--- Source records ---
╭──

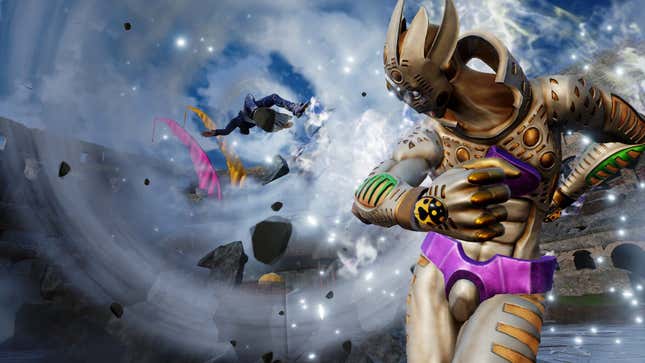 Jump Force: Character Pack 14 - Giorno Giovanna Screenshots and Videos ...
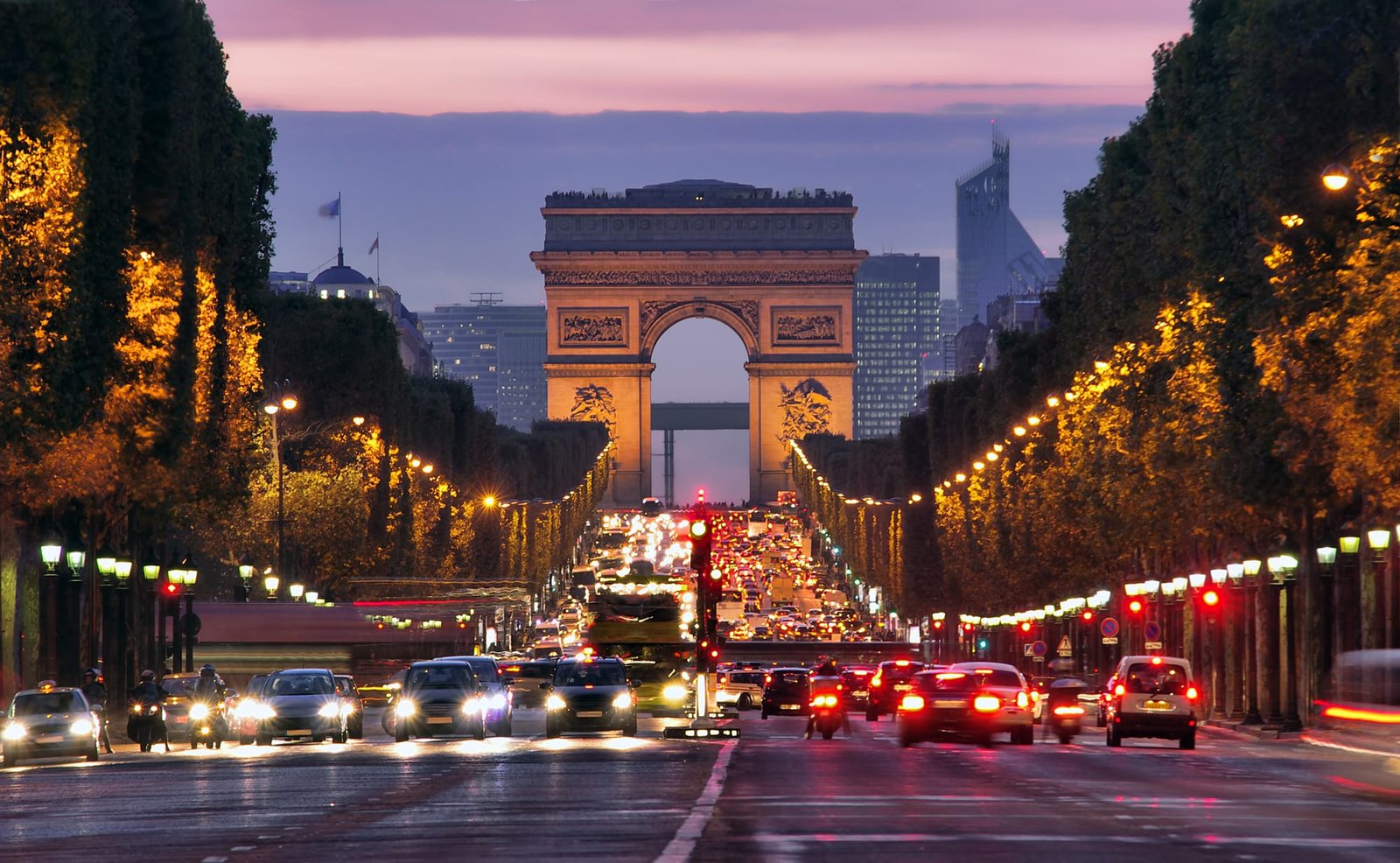 New Year in Paris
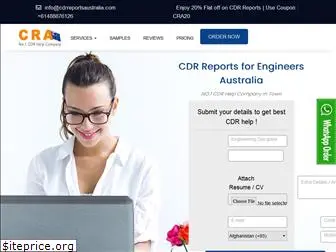 cdrreportsaustralia.com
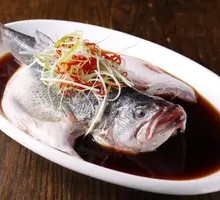 Steamed Sea Bass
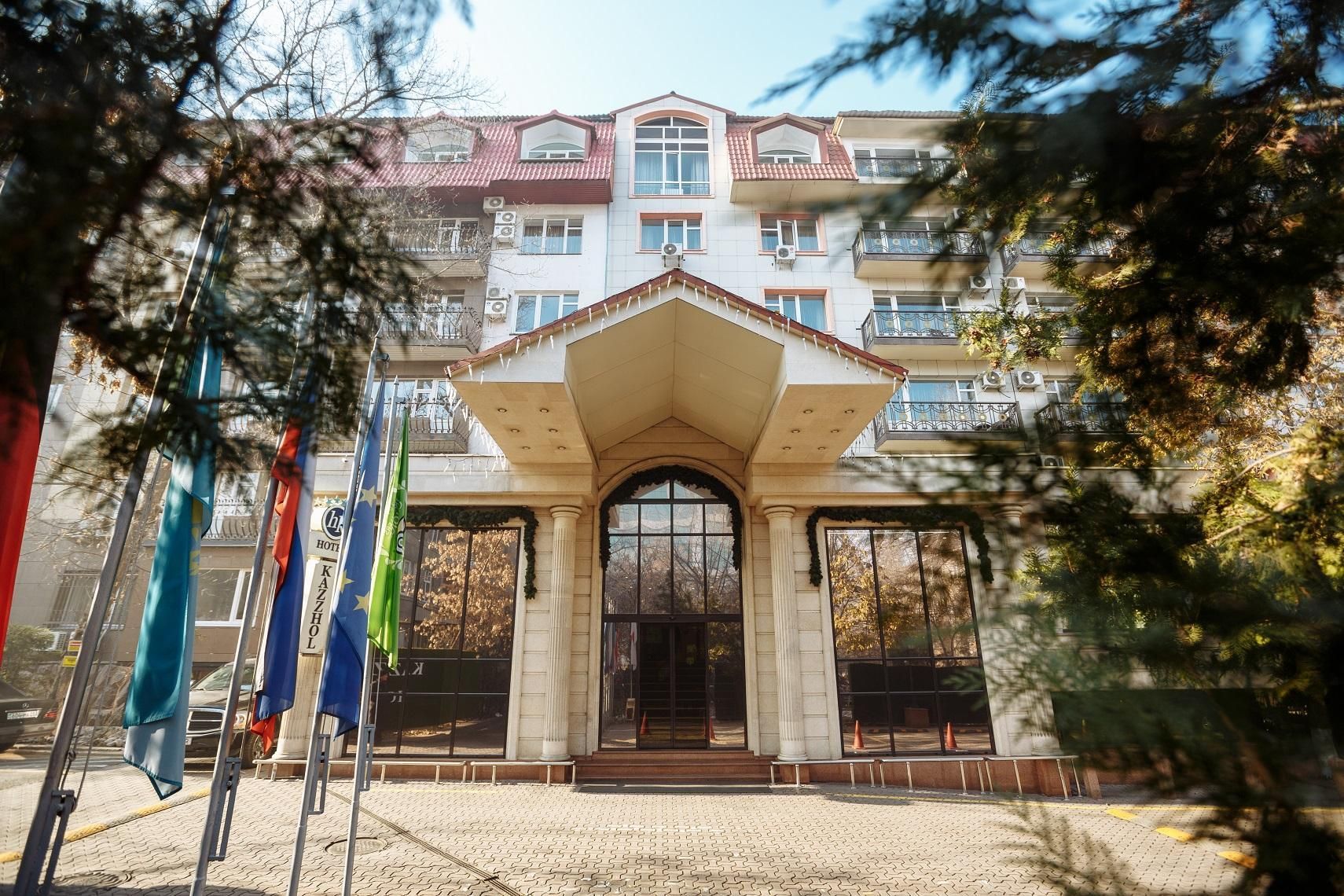 undefined Hotel Kazzhol Almaty 3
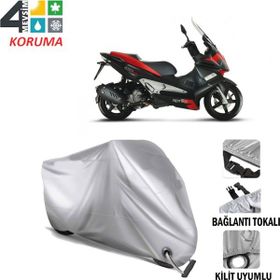 Autoes Aprilia SR Max 300 I.E Kilit Uyumlu Motosiklet Brandası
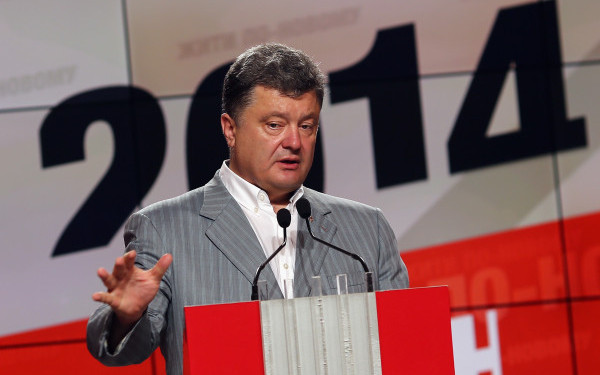 "Regele ciocolatei", miliardarul votat presedinte de un popor satul de oligarhi. Cine e Petro Porosenko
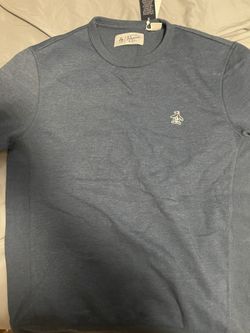 Blue Penguin Crewneck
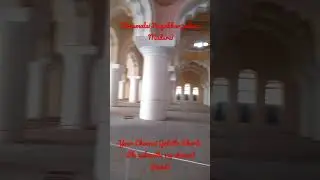#thirumalainayakkar #palace  #maduraitourism #madurai Please subscribe my channel for more videos.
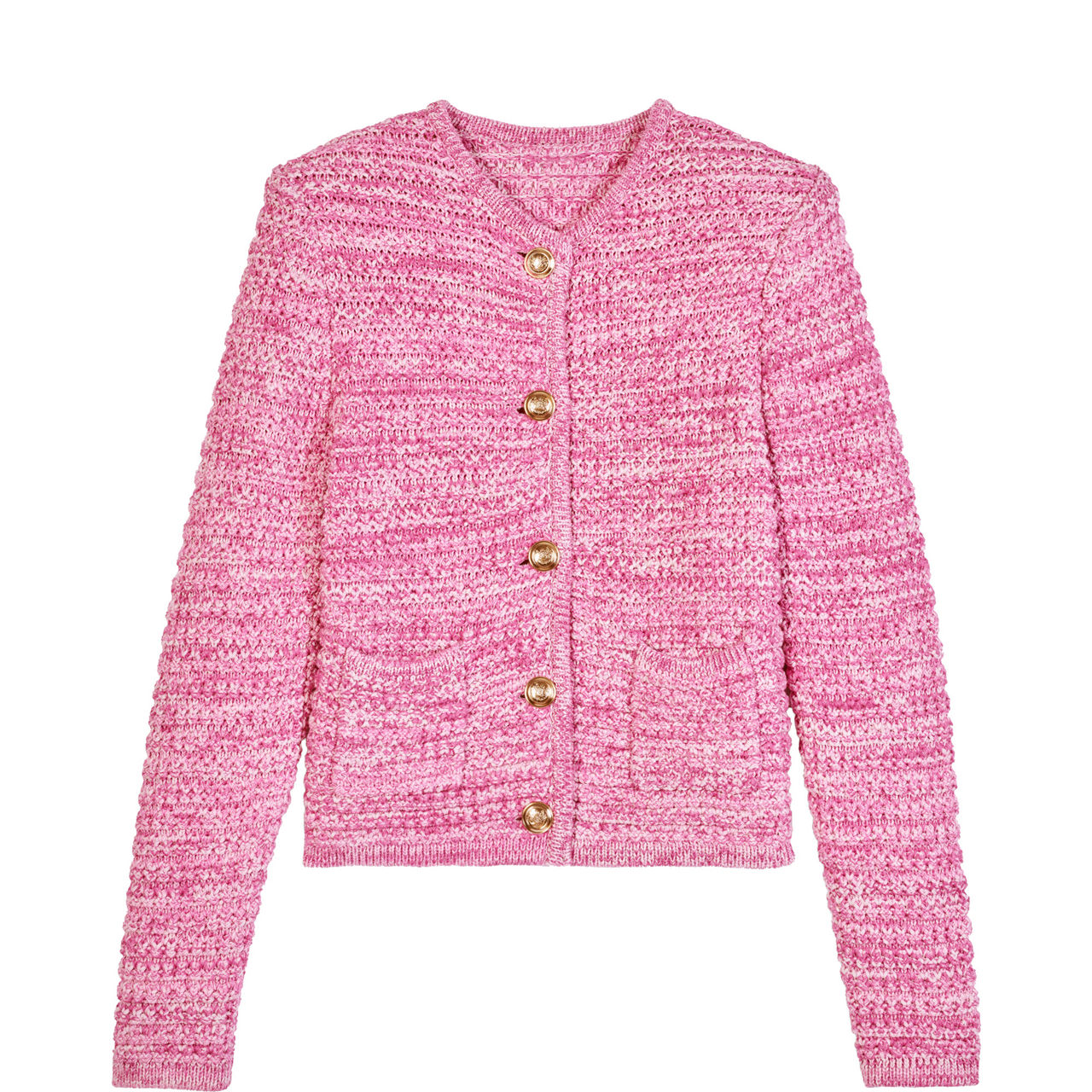 Guspa Textured Cardigan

╰──

--- PROBLEM REQUIREMENTS ---
Print exactly the lines from the line with "undefined Hotel Kazzhol Almaty 3" through the end of the data, both ends included, and print no pictures.

--- RESPONSE ---
 undefined Hotel Kazzhol Almaty 3
 Autoes Aprilia SR Max 300 I.E Kilit Uyumlu Motosiklet Brandası
 "Regele ciocolatei", miliardarul votat presedinte de un popor satul de oligarhi. Cine e Petro Porosenko
 Blue Penguin Crewneck
#thirumalainayakkar #palace  #maduraitourism #madurai Please subscribe my channel for more videos.
 Guspa Textured Cardigan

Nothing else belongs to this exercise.